システム管理者アカウントまたはLDAP内の他の適切なユーザーが「管理者」というLDAPグループに属する場合、このアカウントは、サーバーを管理するための権限を満たしています。また、DefaultAuthenticatorプロバイダを認証プロバイダのリストから削除できます。この場合、すべてのユーザー(管理者アカウントを含む)は外部LDAPに対して認証されます。
|
注意: WebCenter Portalは、最初のオーセンティケータによってマップされたアイデンティティ・ストア内のユーザーのみを認識します。WebCenter Portal管理者アカウントは当初は組込みのLDAPサーバーにのみ作成されるため、Oracle Internet Directoryなどの外部LDAPをWebCenter Portalのプライマリ・オーセンティケータとして構成する場合は、そのLDAP内にユーザーを作成し、そのユーザーにWebCenter Portal管理者ロールを付与する必要もあります。WebCenter Portal管理者ロールのユーザーへの付与の詳細は、第32.5.1項「WebCenter Portal管理者ロールの付与」を参照してください。 |
weblogic(デフォルト)ユーザーを外部LDAPディレクトリに作成できない場合は、2つのオプションがあります。次を実行できます。
DefaultAuthenticatorプロバイダを維持したまま、weblogicアカウントとローカルの組込みLDAPサーバーをWebLogic Serverで使用し、WebLogic Server管理コンソールからサーバーの起動と停止および他の管理者用操作を行います。DefaultAuthenticatorを維持する場合は、DefaultAuthenticationプロバイダの制御フラグがSUFFICIENTに設定されていることを確認してください。このオプションを選択する場合、第31.4.1項「ディスカッション・サーバーの新しい管理者アカウントの識別」に示されている追加の手順を実行する必要もあります。
|
注意: DefaultAuthenticatorからweblogicユーザー・アカウントを使用する場合は、WebCenter Portalにアクセスする際にこのアカウントを使用しないでください。アプリケーション・コードから外部LDAPストアのユーザーを検索できなくなります。 |
DefaultAuthenticatorを削除し、管理者用操作(サーバーの起動や停止など)で使用する有効なユーザー・アカウントを「管理者」グループに含めます。その他の名前のグループに含める場合は、そのグループにOIDまたは他の外部LDAPでドメインの管理を許可されたユーザーのリストが含まれている必要があります。
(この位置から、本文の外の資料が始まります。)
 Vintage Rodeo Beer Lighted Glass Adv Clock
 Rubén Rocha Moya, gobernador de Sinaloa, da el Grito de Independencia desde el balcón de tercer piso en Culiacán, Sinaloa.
「管理者」以外の名前を使用する場合は、WebLogic Serverグローバル管理者ロールの定義でグループ名を更新する必要があります。デフォルトでは、これは「管理者」というエンタープライズ・グループのメンバーシップとして定義されています。管理者グループ名の変更の詳細は、第31.4.2項「管理者グループ名の変更」を参照してください。
この項には次のサブセクションが含まれます:
ディスカッション・サーバーをインストールしており、管理者アカウントを外部LDAPに移行しない場合(第31.4項「外部LDAPサーバーへの管理者アカウントの移行」を参照)、WebLogic Serverでオーセンティケータの順序を変更する前に、ディスカッション・サーバーで新しい管理者アカウントを識別するために追加の手順を実行する必要があります。
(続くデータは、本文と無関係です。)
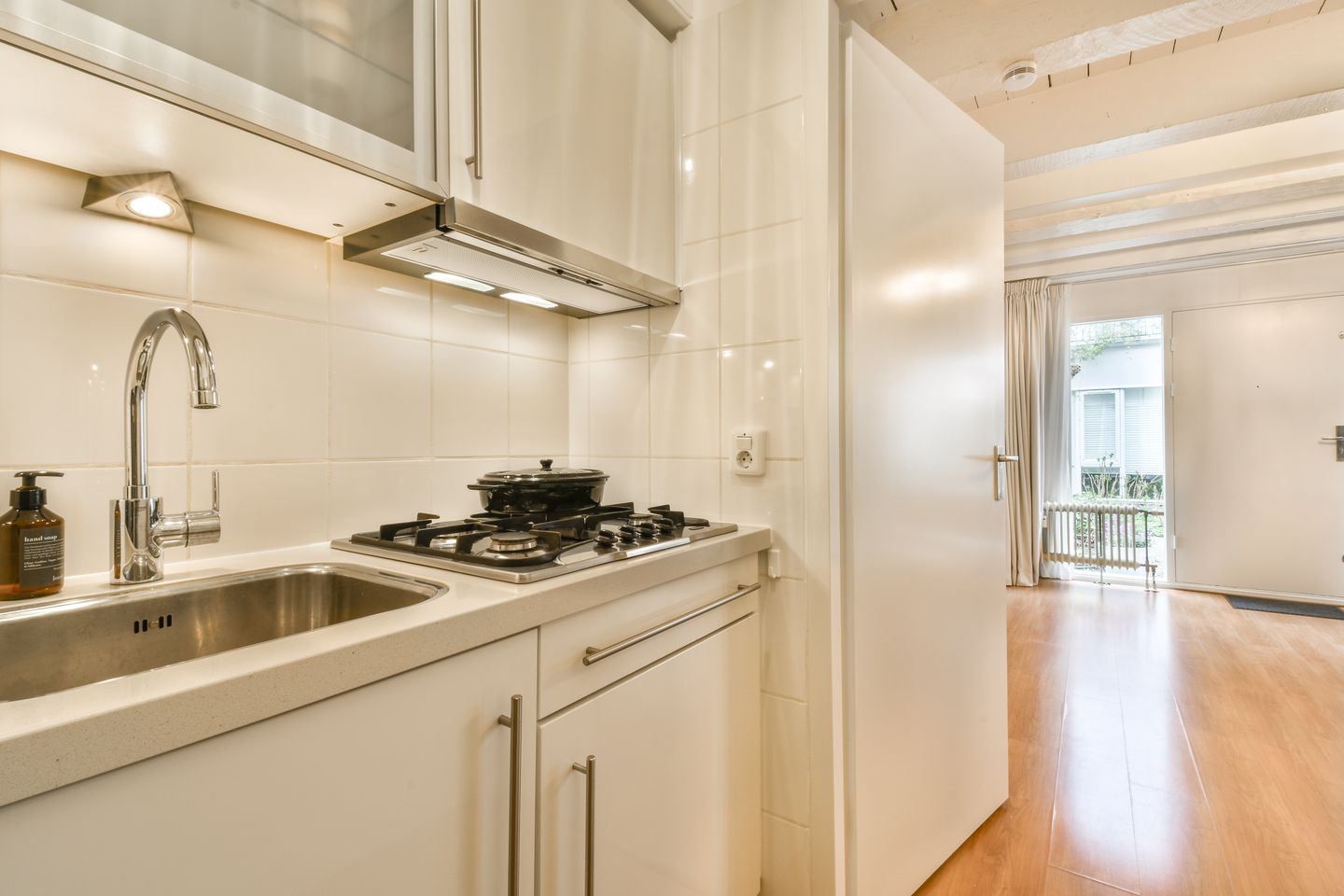 Foto 10 van Nieuwe Uilenburgerstraat 13-C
ディスカッション・サーバーの管理者にするユーザー・アカウントを外部LDAPから選択します。
外部LDAPから選択したユーザー・アカウントに一致する管理者アカウントをDefaultAuthenticator(組込みLDAP)に作成します。組込みLDAPと外部LDAPサーバーのアカウント名は一致する必要があります。
組込みLDAPへのユーザーの追加の詳細は、第31.3項「組込みLDAPアイデンティティ・ストアへのユーザーの追加」を参照してください。
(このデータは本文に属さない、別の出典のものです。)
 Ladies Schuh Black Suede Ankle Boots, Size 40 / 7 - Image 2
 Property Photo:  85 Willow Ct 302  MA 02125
ディスカッション・サーバー管理コンソールに起動アイデンティティ・アカウント(weblogic)でログインし、次にアクセスします。
http://host:port/owc_discussions/admin
hostとportはWLS_Services管理対象サーバーのホストIDとポート番号です。
「設定」→「管理者/モデレータ」をクリックします。
「管理者およびモデレータ」ページが表示されます(図31-2を参照)。
「新規権限の付与」をクリックします。
「新規権限の付与」ペインが表示されます(図31-3を参照)。
作成したユーザーにシステム管理者権限を付与します(図31-4を参照)。
「システム」→「システム・プロパティ」をクリックします。
「Jiveプロパティ」ページが表示されます(図31-5を参照)。
赤でマークされたプロパティが追加され、図31-5のように設定されていることを確認します。
WebLogic Server管理コンソールにログインします。
WebLogic Server管理コンソールへのログインの詳細は、第1.13.2項「Oracle WebLogic Server管理コンソール」を参照してください。
「ドメイン構造」ペインで、「セキュリティ・レルム」をクリックします。
「セキュリティ・レルムのサマリー」ペインが表示されます。
「名前」列で、管理者グループ名を変更するレルムをクリックします。
「レルムの設定」ペインが表示されます。
「プロバイダ」タブを選択し、「認証」サブタブを選択したら、外部LDAPのオーセンティケータがリストの先頭に表示されるように認証プロバイダの順序を変更します(図31-6の例を参照)。
ドメインの管理サーバーとディスカッション・サーバーを再起動します。
まだ実行していない場合は、外部LDAP内にユーザーを作成し、そのユーザーにWebCenter Portal管理者ロールを付与する必要があります(第32.5.1項「WebCenter Portal管理者ロールの付与」を参照)。
LDAPサーバーにドメインの管理権限を持つユーザーが含まれる場合、そのサーバーで有効な他のエンタープライズ・ロールにグループ名を変更できます。これにより、エンタープライズ内で特定のドメインの管理を委任できます。様々な管理グループをディレクトリに作成し、対応するドメインで管理者を定義する際に適切なグループが使用されるよう構成できます。
次の例のLDIFファイルでは、Oracle Internet Directoryに管理グループを作成します。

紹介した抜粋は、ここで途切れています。